>>>
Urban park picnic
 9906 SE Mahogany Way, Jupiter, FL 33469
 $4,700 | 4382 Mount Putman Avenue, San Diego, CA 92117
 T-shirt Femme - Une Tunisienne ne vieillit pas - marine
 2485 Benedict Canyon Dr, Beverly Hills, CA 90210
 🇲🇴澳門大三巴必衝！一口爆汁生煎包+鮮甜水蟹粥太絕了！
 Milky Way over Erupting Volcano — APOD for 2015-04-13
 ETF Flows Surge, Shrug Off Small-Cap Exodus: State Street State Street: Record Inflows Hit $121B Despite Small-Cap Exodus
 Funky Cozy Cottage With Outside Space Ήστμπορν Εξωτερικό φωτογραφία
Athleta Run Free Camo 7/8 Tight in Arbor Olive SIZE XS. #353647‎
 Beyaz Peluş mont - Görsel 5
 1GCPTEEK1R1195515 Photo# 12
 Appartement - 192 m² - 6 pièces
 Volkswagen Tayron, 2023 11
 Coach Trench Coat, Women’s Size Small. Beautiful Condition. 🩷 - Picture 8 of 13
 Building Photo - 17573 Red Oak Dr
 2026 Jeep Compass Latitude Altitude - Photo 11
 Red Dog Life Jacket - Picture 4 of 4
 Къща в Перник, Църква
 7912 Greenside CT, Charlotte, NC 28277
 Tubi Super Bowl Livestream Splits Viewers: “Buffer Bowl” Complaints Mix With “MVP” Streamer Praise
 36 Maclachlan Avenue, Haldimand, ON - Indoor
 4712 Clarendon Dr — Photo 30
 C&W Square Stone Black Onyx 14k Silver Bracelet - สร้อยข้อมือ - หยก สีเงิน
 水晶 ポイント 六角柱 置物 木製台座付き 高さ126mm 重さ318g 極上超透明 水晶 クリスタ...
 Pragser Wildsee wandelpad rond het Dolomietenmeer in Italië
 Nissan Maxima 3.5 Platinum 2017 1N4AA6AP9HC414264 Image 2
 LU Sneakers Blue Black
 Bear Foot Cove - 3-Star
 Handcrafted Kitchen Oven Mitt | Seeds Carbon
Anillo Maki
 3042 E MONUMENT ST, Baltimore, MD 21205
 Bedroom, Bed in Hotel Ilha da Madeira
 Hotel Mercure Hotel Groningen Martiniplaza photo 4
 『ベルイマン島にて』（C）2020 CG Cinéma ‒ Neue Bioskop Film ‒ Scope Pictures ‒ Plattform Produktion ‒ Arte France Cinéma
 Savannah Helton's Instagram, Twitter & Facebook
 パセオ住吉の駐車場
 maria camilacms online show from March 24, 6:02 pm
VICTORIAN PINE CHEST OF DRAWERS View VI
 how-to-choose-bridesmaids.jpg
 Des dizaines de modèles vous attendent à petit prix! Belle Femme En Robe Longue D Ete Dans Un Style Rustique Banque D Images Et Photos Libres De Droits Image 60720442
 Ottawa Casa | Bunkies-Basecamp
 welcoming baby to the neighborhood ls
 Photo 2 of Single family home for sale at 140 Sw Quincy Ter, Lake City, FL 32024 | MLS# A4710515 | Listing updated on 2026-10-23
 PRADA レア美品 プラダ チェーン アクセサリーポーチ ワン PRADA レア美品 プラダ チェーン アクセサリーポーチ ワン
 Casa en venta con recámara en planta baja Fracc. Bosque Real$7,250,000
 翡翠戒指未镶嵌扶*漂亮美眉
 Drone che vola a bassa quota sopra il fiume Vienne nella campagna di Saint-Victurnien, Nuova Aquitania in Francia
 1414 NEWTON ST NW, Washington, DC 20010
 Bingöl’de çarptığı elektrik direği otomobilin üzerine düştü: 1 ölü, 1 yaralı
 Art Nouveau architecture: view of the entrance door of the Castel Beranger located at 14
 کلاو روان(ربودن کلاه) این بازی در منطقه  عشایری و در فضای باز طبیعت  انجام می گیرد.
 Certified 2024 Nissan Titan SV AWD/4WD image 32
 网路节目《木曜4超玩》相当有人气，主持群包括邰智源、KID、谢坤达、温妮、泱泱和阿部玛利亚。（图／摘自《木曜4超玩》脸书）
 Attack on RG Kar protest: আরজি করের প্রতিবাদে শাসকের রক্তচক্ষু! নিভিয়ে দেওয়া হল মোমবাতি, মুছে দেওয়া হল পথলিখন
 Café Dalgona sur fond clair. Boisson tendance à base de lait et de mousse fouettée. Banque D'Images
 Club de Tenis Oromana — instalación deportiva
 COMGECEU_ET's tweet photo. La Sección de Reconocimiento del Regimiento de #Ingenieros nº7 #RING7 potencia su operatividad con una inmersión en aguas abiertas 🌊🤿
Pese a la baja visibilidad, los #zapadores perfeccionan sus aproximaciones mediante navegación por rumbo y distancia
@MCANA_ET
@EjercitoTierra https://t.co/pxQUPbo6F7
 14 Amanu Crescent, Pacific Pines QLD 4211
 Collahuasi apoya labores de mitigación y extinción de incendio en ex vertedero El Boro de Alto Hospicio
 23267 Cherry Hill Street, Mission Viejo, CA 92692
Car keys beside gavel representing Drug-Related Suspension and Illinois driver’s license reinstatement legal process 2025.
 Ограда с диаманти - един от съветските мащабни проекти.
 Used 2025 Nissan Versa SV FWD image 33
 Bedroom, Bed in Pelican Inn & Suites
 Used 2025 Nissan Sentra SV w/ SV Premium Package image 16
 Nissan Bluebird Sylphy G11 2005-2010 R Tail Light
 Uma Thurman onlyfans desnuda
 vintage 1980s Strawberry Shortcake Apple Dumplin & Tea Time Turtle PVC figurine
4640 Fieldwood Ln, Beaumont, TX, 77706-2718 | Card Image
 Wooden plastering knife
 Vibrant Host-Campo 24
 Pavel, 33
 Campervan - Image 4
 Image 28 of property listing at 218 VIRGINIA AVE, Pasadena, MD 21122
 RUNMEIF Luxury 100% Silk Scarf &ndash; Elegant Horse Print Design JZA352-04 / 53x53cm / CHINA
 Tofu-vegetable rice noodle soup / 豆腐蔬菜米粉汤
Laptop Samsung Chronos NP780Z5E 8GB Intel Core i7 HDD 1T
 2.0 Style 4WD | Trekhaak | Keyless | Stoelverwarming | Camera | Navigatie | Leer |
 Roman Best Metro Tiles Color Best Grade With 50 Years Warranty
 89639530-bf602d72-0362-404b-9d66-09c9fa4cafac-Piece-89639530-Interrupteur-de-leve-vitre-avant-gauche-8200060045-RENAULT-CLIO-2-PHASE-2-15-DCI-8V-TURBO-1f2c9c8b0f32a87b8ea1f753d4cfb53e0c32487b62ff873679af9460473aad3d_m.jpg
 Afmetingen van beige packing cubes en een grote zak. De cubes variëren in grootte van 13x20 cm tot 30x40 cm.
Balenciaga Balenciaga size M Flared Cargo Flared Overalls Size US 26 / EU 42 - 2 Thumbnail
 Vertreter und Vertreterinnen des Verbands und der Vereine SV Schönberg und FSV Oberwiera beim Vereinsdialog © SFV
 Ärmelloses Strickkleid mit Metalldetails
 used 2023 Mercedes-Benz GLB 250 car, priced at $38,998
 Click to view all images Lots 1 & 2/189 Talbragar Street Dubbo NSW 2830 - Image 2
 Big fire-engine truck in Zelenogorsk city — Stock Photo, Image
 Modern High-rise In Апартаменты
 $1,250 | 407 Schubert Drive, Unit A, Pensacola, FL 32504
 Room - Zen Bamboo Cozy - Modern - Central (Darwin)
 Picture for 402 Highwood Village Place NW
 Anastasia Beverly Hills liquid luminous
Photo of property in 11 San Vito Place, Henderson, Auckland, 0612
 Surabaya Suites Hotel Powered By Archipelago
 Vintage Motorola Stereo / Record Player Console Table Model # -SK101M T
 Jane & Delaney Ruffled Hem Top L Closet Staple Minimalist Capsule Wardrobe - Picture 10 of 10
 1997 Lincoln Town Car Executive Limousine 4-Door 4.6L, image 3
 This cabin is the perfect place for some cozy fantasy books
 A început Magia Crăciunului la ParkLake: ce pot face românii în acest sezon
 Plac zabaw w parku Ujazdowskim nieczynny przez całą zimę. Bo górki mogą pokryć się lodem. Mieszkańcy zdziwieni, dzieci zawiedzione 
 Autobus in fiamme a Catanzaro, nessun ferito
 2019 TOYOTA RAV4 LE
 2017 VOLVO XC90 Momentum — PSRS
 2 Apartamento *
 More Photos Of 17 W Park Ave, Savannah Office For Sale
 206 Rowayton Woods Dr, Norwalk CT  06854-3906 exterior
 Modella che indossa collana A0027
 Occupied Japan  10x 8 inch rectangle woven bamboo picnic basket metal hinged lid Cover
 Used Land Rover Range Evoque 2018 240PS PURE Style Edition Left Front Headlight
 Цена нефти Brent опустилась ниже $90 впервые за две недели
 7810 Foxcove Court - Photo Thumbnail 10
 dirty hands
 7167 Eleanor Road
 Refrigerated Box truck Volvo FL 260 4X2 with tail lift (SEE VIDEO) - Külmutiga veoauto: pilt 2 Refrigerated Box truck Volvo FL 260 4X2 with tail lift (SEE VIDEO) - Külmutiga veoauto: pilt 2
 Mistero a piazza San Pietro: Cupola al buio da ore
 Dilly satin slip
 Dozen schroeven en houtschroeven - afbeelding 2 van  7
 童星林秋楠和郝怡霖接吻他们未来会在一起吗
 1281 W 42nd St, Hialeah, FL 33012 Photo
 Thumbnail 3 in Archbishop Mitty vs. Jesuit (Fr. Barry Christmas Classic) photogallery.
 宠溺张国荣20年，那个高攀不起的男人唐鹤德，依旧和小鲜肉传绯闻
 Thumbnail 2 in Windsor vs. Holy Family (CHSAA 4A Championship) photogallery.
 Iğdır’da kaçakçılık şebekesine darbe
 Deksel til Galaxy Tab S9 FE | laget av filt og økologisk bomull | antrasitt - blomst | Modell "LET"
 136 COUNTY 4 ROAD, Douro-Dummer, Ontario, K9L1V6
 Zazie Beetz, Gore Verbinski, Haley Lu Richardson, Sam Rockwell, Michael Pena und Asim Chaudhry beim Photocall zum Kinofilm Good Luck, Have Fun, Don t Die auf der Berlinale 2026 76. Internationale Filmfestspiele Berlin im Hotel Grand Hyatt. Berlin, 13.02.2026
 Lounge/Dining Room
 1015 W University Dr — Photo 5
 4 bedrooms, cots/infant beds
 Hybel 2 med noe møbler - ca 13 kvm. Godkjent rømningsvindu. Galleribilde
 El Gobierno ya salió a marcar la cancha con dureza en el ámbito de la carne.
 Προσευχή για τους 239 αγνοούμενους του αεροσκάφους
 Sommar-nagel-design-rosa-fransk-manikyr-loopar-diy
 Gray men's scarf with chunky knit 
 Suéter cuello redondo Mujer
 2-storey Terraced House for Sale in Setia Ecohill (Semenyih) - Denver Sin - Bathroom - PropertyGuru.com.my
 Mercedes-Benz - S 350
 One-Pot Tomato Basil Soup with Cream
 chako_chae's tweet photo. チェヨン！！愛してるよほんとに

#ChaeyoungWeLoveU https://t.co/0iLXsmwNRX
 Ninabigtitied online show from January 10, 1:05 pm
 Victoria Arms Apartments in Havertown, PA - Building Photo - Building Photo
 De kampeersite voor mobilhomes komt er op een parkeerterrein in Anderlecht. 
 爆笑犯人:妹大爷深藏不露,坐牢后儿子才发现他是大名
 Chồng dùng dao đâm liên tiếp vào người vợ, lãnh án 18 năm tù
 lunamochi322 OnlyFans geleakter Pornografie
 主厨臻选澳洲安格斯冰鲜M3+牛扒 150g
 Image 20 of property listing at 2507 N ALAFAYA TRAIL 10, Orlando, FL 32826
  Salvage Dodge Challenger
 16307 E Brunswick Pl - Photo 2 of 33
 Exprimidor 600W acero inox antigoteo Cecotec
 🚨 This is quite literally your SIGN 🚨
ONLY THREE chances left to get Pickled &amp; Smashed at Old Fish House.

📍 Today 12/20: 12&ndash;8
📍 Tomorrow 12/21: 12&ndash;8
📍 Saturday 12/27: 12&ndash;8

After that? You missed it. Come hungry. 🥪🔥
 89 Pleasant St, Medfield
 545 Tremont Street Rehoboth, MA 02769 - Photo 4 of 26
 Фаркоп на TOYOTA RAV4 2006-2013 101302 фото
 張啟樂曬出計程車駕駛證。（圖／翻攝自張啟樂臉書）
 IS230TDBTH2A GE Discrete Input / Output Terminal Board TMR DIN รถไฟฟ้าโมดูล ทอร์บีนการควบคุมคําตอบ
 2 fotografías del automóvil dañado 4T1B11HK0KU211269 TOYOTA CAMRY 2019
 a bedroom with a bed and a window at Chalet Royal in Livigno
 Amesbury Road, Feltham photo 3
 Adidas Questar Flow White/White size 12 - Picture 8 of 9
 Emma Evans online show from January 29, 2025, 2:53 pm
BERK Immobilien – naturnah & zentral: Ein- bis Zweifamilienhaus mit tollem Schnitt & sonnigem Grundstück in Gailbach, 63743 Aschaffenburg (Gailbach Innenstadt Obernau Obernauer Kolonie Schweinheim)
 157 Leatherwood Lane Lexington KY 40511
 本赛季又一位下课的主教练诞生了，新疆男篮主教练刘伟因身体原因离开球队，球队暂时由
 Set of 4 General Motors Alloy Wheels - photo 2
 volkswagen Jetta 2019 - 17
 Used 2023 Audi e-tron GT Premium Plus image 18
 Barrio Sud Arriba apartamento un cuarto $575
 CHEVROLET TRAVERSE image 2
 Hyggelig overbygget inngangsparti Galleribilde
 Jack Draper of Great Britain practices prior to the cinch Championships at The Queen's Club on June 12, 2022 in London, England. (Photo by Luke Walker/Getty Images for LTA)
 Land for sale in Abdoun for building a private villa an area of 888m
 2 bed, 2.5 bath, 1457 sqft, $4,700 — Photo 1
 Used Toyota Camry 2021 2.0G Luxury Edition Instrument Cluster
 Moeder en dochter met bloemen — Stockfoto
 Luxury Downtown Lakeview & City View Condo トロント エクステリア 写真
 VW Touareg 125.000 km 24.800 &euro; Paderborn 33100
<<<
THE TASK:
The stretch of entries above that starts with the line containing "your SIGN 🚨" and goes on through the line containing "IS230TDBTH2A GE Discrete" is to be transcribed exactly, and no other line is to be transcribed.

RESULT BELOW:
 🚨 This is quite literally your SIGN 🚨
ONLY THREE chances left to get Pickled &amp; Smashed at Old Fish House.

📍 Today 12/20: 12&ndash;8
📍 Tomorrow 12/21: 12&ndash;8
📍 Saturday 12/27: 12&ndash;8

After that? You missed it. Come hungry. 🥪🔥
 89 Pleasant St, Medfield
 545 Tremont Street Rehoboth, MA 02769 - Photo 4 of 26
 Фаркоп на TOYOTA RAV4 2006-2013 101302 фото
 張啟樂曬出計程車駕駛證。（圖／翻攝自張啟樂臉書）
 IS230TDBTH2A GE Discrete Input / Output Terminal Board TMR DIN รถไฟฟ้าโมดูล ทอร์บีนการควบคุมคําตอบ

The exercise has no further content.